Si la médiation judiciaire, introduite dans les divorces contentieux, contribue à apaiser les relations, les approches amiables pourraient être bien plus largement développées.
En complément du traitement du litige, la résolution amiable évoluerait vers une justice à caractère plus humain.
Pour rendre spontanées les consultations chez les professionnels de l’aide, il convient de développer une stratégie pour faire évoluer les mentalités et changer le regard sur le recours à ces ressources.
Il s’agirait de leur faire découvrir les bienfaits de l’intelligence émotionnelle mise à profit du traitement de la crise.

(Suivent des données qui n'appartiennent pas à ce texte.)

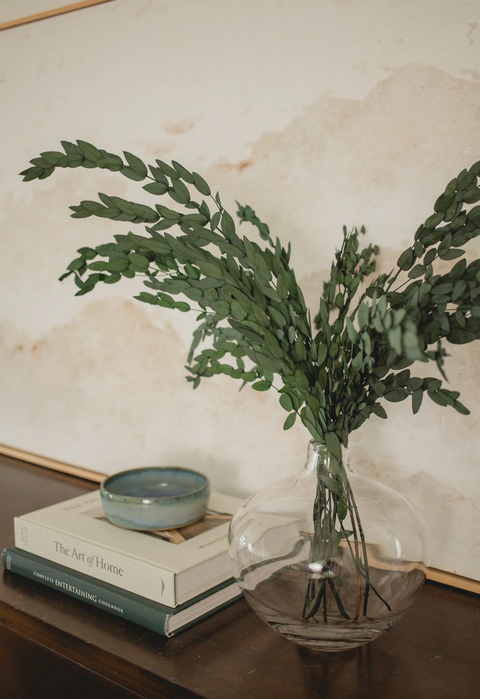 Short Willow Eucalyptus Parvifolia (Fresh Preserved)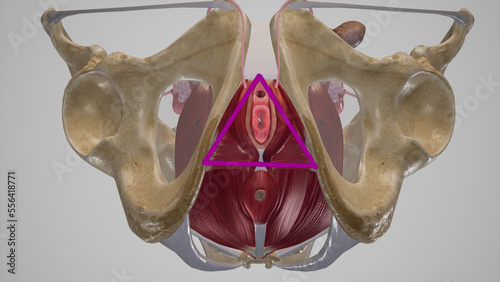 Female Urogenital Triangle Anatomy.3d rendering photo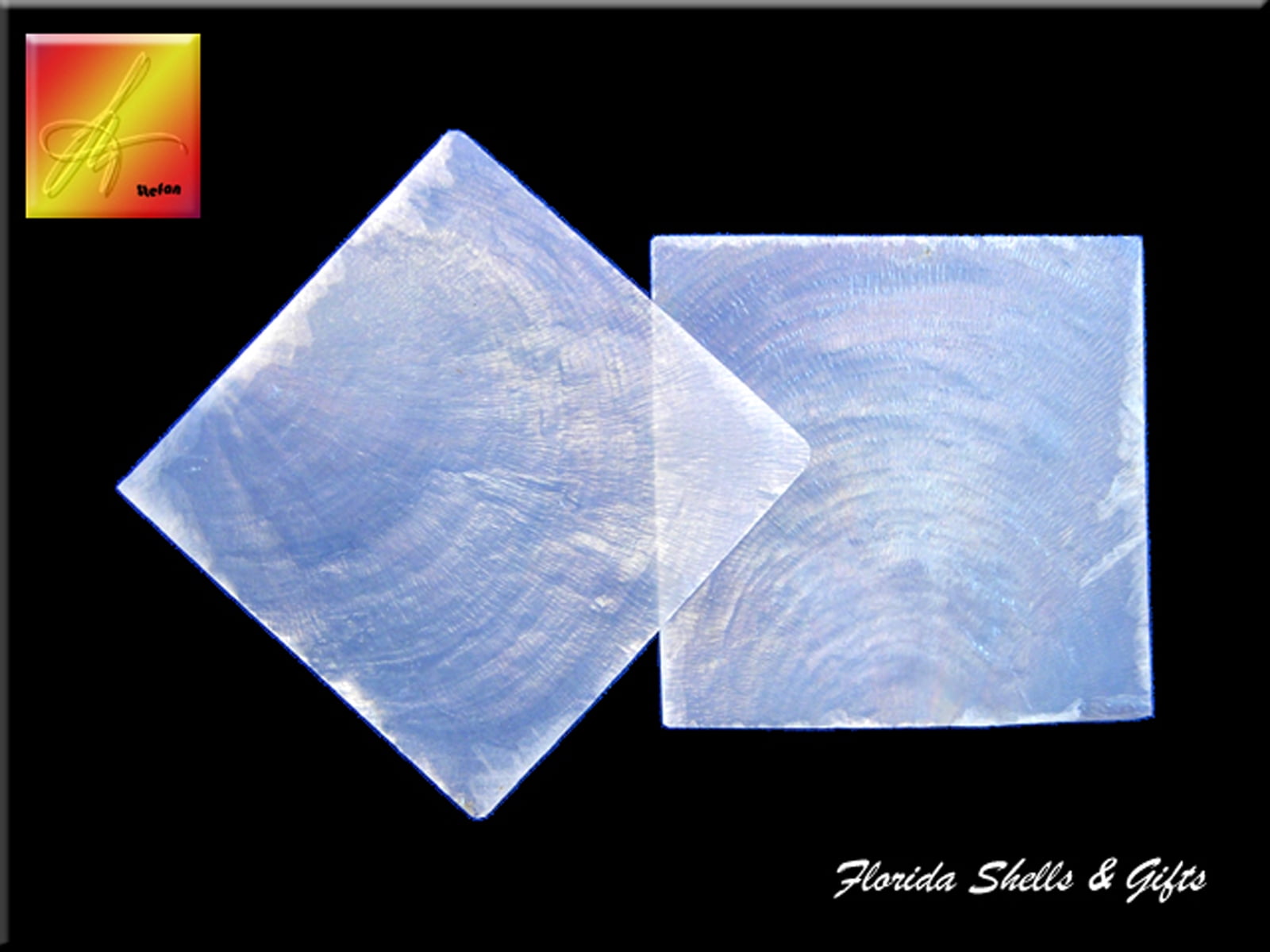 100 Capiz Shells White Square Cut (2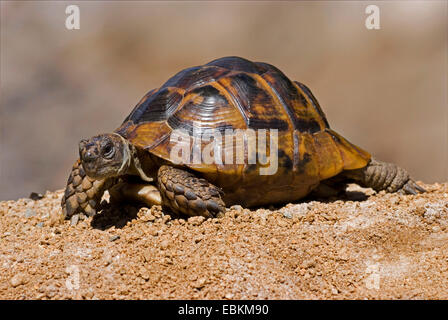 L'eurasienne-thighed tortoise, épi-thighed Méditerranée, tortue, tortue tortue grecque commune (Testudo graeca ibera, Testudo ibera), randonnée pédestre Banque D'Images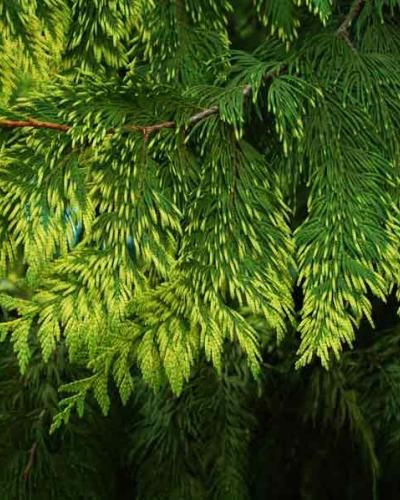 Dwarf Conifers | Dwarf conifers, Conifers garden, Dwarf plants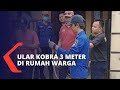 Waduh! Petugas Damkar Kabupaten Lebak Tangkap Ular Kobra 3 Meter di Rumah Warga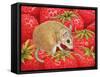 Strawberry-Mouse, 1995-Ditz-Framed Stretched Canvas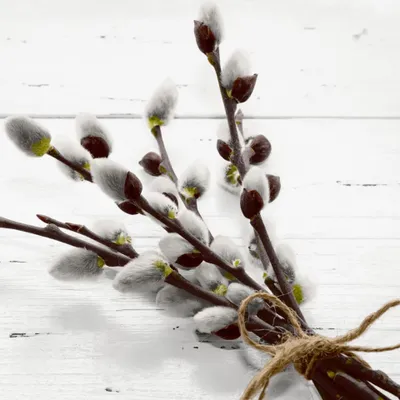 Produktbild von Duni Servietten Wild Willow 33x33cm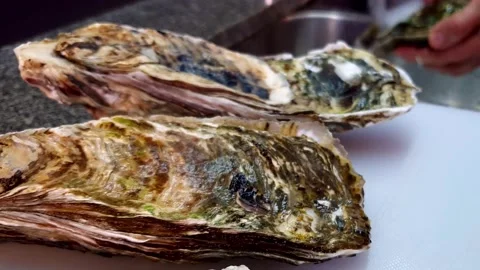 Cleaning oyster Stock Footage 156638405
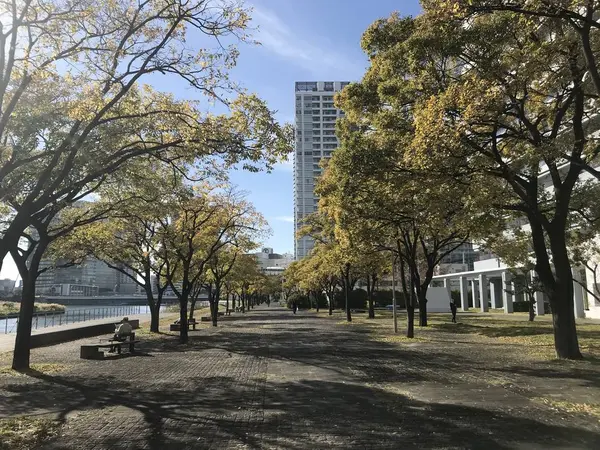 海風が心地よい公園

Afin de mieux éclairer les esprits et d’ouvrir les horizons des personnes, il serait profitable d’investir davantage, et plus en amont, sur les aspects formation et information, et de prolonger l’action des permanences de médiation vers d’autres professionnels :
– En multipliant les lieux de sensibilisation, à l’instar des Maisons de Justice dans le domaine du droit et de la conciliation (service public gratuit),
–En aiguillant davantage le public vers ces ressources,
– En ouvrant l’information à la médiation, mais également vers d’autres ressources et dispositifs d’approches amiables et de travail sur soi comme la PNL, le conseil, l’accompagnement, thérapie de couple.
VII – Pour conclure :
Le système judiciaire s’est inspiré d’autres pays en ouvrant la porte au traitement du conflit émotionnel.
Bien que le chantier n’en soit qu’à ses prémices, organiser le fonctionnement de la justice autour de l’homme et non autour de la procédure ; et développer une stratégie, bien en amont du cadre juridique, mais sous son entité, visant à sensibiliser le public à la résolution amiable, tant au niveau du litige que du conflit, contribuera à une justice plus humanisée tout en allégeant de façon importante les tribunaux.
À condition que le pouvoir politique lui prête main forte, la justice, conformément à la constitution française, pourra à son tour servir de modèle d’humanité aux autres pays.